With pictures excluded, give again exactly the lines running from the one holding "ومطبخ صغير في الدور الثاني يصلح لسكن عمال" through the end of the listing below.

────────

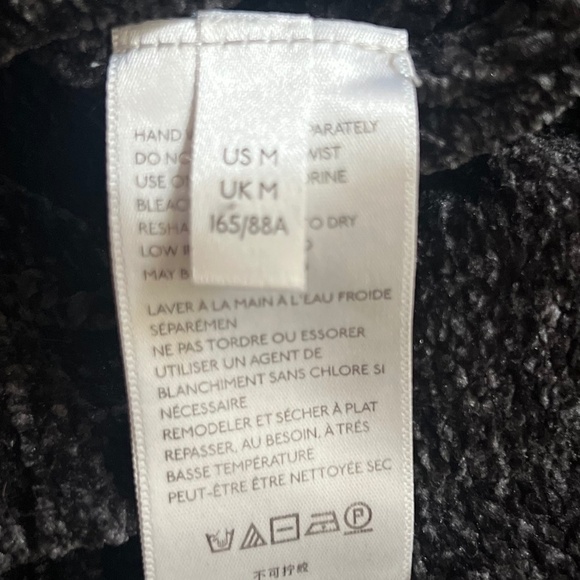 Urban Outfitters Chenille Knit Loose Fit Cropped Cardigan Sweater Size Medium - Picture 6 of 8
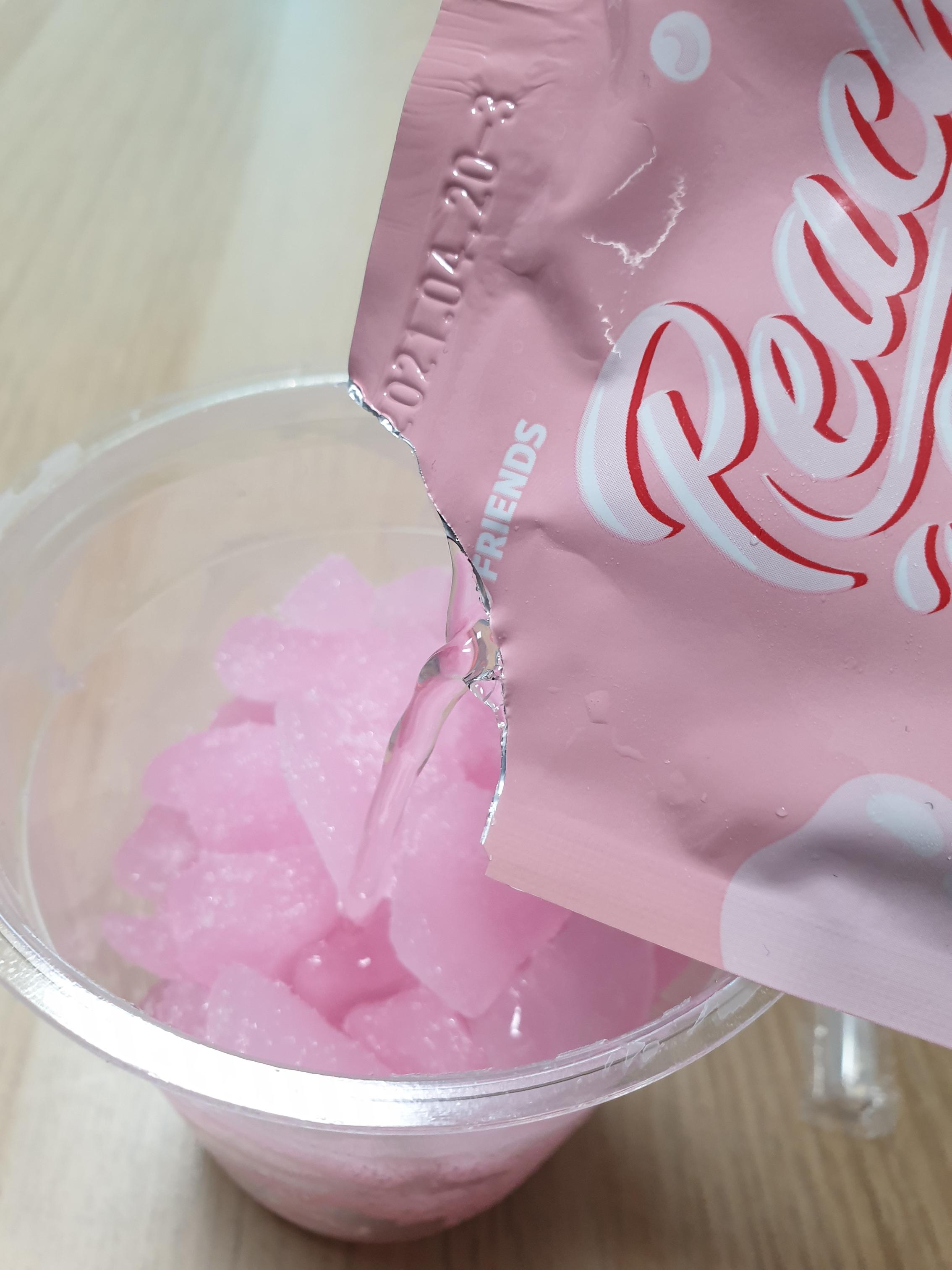 韓国、韓国カフェ、韓国コーヒー、韓国コンビニ、コンビニ、コンビニカフェ、セブンカフェ、コンビニコーヒー、アイスカップ、氷カップ、韓国飲料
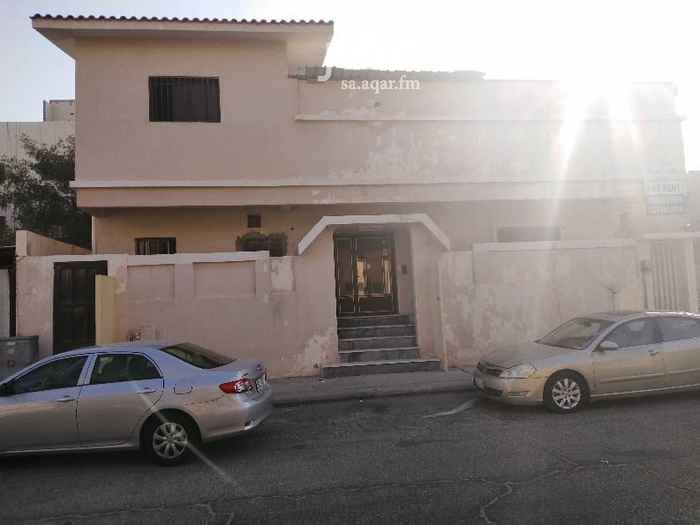 1617929 بيت دورين مكون ١٤ غرفه و٦ حمامات صالتين مطبخ كبير
ومطبخ صغير في الدور الثاني يصلح لسكن عمال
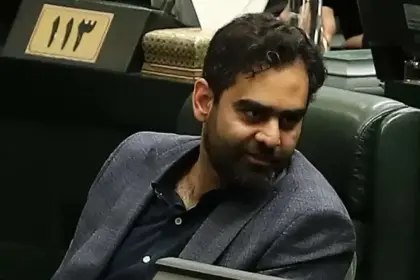 Amirhossein Sabati: America will not solve any problem even by giving 500 billion dollars to Iran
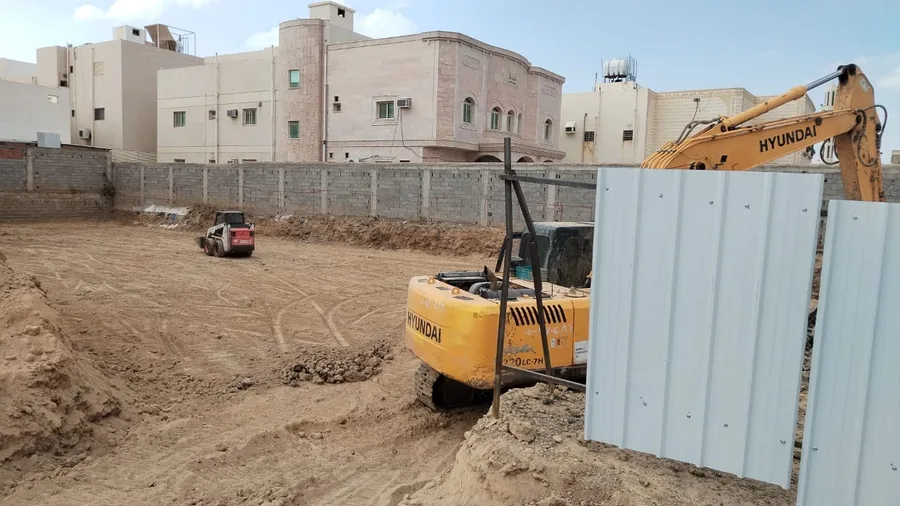 الحفر، مبنى سكني ثلاثة أدوار، حي شوران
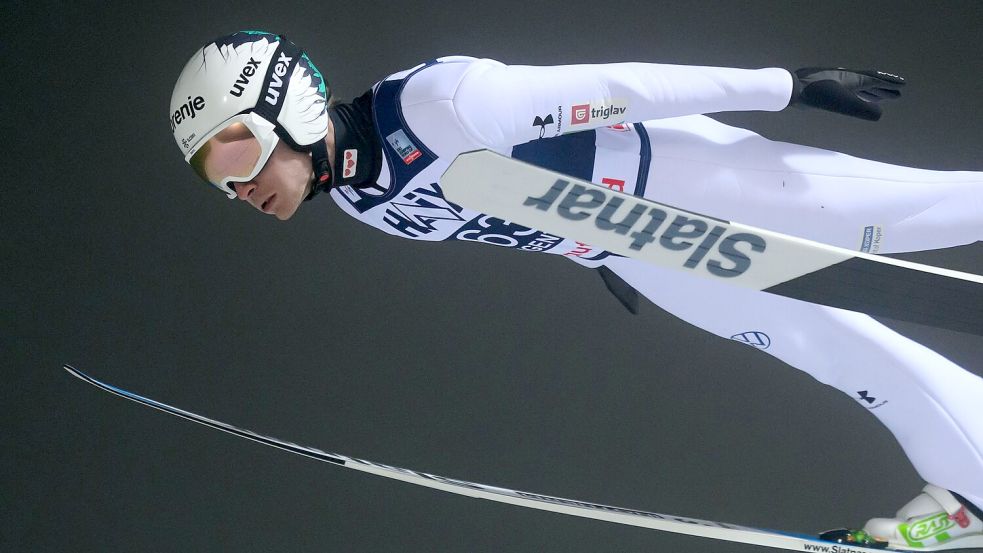 Anze Lanisek ist im Gesamtweltcup vorne dabei. (Archivbild) Foto: Hendrik Schmidt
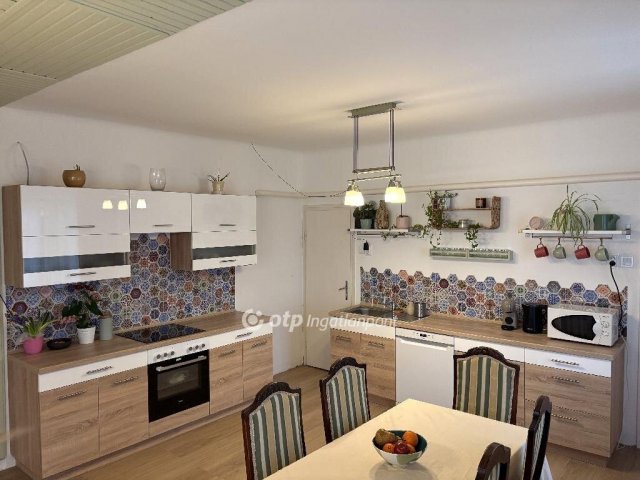 Eladó családi ház, Pilisen 69.9 M Ft, 2+1 szobás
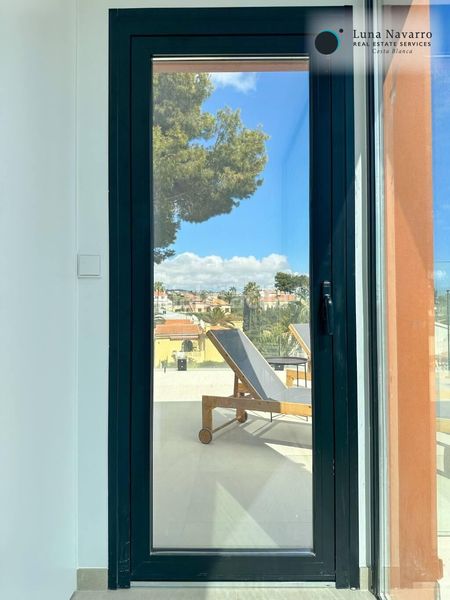 Foto c2ee8ca9-d8a4-4daf-b2c3-a3c3e0861f81. Casa adossada amb aparcament piscina a Pueblo Calp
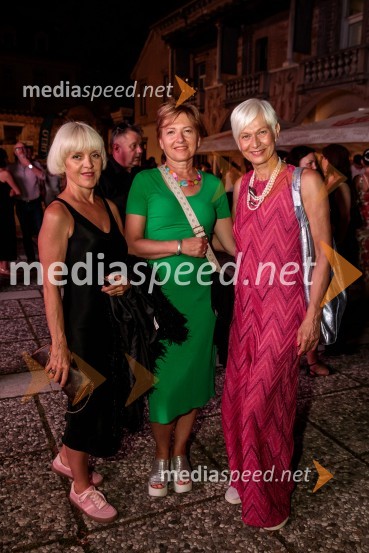  ... ;  ... ;  Barbra Drnač, novinarka, plesalka, koreografinja in televizijska voditeljicaMuzikal Bodyguard, 72. Ljubljana Festival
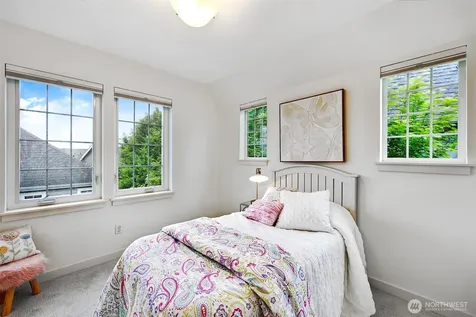5960 31st Avenue SW Seattle WA 98126
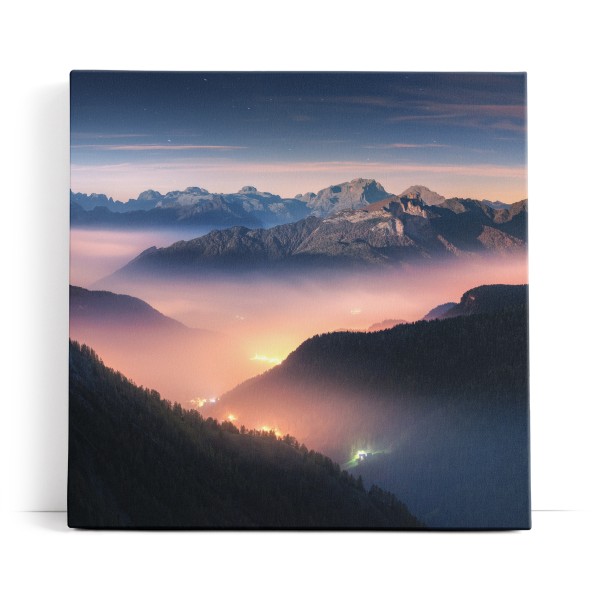 Berge im Nebel Dolomiten Italien Alpen Gebirge Nacht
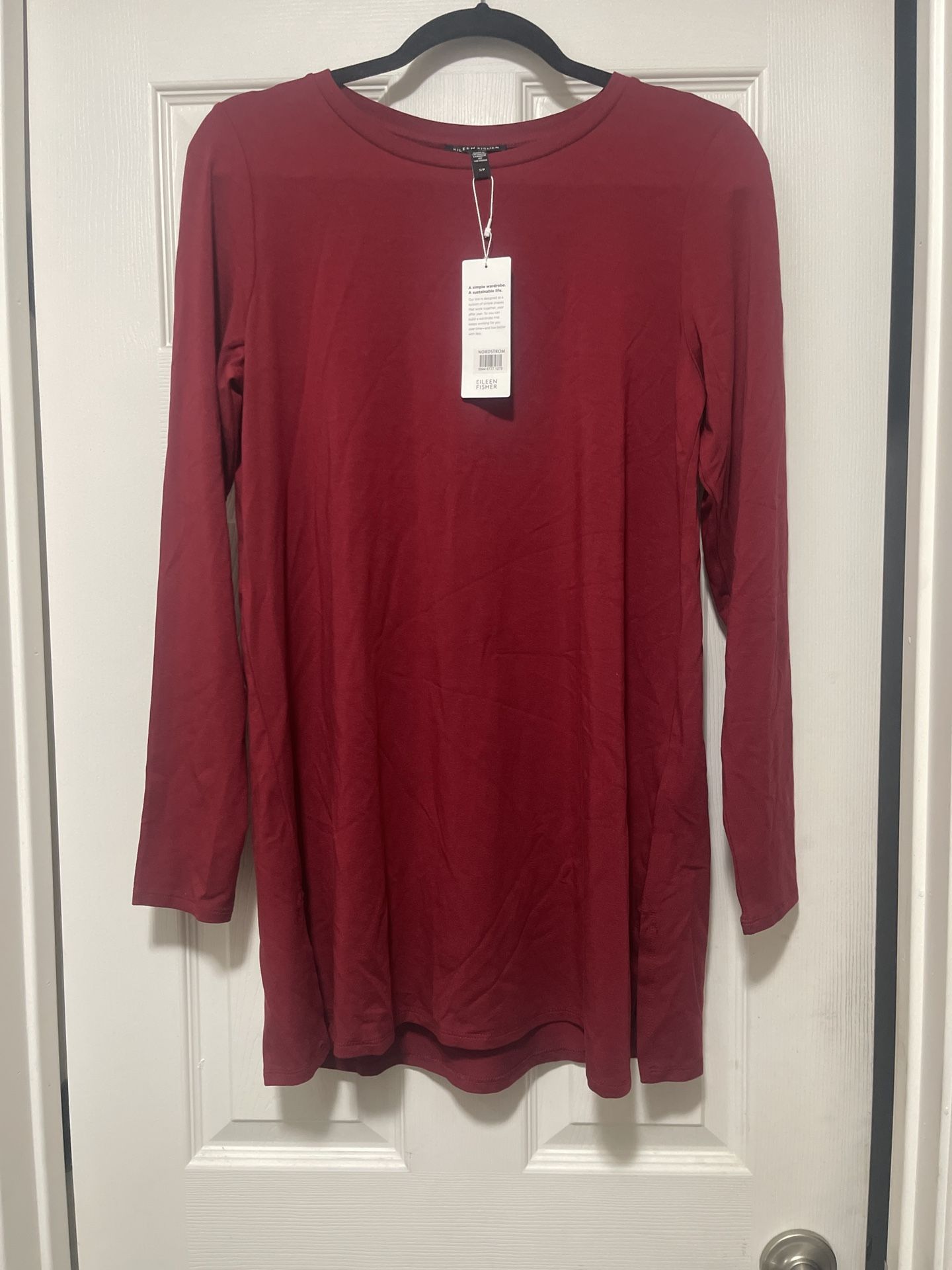 NWT $148 Eileen Fisher Deep Claret Tencel Lyocell Crew Neck Tunic Top Small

────────

**Response area:**
ومطبخ صغير في الدور الثاني يصلح لسكن عمال
 Amirhossein Sabati: America will not solve any problem even by giving 500 billion dollars to Iran
 الحفر، مبنى سكني ثلاثة أدوار، حي شوران
 Anze Lanisek ist im Gesamtweltcup vorne dabei. (Archivbild) Foto: Hendrik Schmidt
 Eladó családi ház, Pilisen 69.9 M Ft, 2+1 szobás
 Foto c2ee8ca9-d8a4-4daf-b2c3-a3c3e0861f81. Casa adossada amb aparcament piscina a Pueblo Calp
  ... ;  ... ;  Barbra Drnač, novinarka, plesalka, koreografinja in televizijska voditeljicaMuzikal Bodyguard, 72. Ljubljana Festival
5960 31st Avenue SW Seattle WA 98126
 Berge im Nebel Dolomiten Italien Alpen Gebirge Nacht
 NWT $148 Eileen Fisher Deep Claret Tencel Lyocell Crew Neck Tunic Top Small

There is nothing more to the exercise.